The irrational part of me thought Aro was going to do something to me, right then and there, but he never did. I heard him sigh as his fingers touched the tips of my hair, careful to not mess up Heidi's work. "Why must you think so little of me, my dear? Do you honestly think I would hurt you?" He said the last part so quietly I'm sure the others didn't hear it. But given their superior senses, I wasn't so sure.

Then I heard someone scoff behind Aro. Craning my neck slightly, which caused Aro to remove his hand, I noticed Caius staring at us with his usual glare. His eyes squinted even more so. "Ungrateful." That got my attention.

"Excuse me?!" I pushed past Aro and returned Caius' glare. "What did you say to me?!" Caius scoffed again.

"How typical of humans to let words fall on deaf ears.
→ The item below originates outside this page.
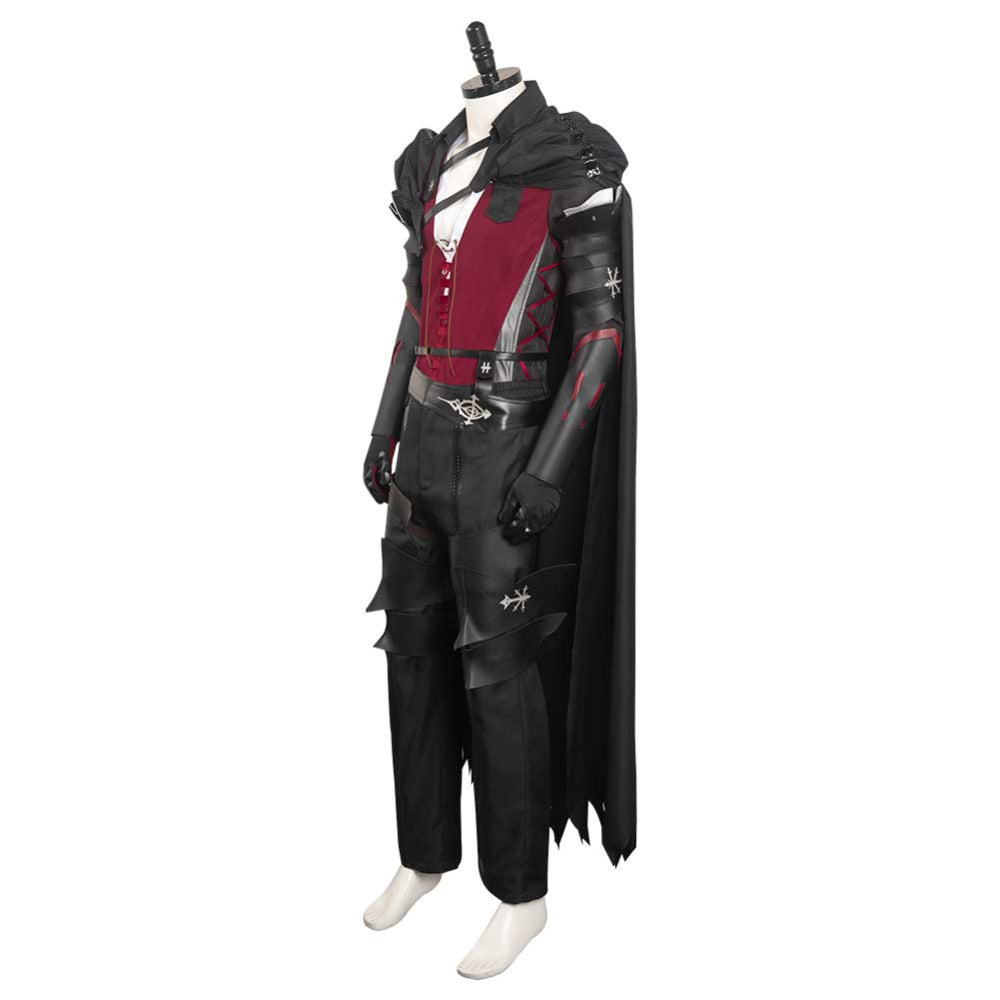 Final Fantasy Halloween Carnival Suit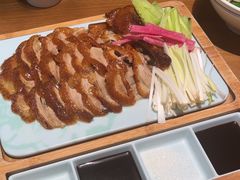 -满园烤鸭·春饼(奥体万达店)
Once again, I said you were ungrateful."

"Caius-" Aro's warning tone got cut off by the former's hand.

"No, Aro. She needs to learn her place."

"WHAT?! Now see here-" Before I could finish my sentence, Aro stepped in front of me. I tried to crane my head over his shoulder, but I felt his hands place themselves on my shoulders.

"Why don't you let Heidi show you around, dearest? I'll come see you later."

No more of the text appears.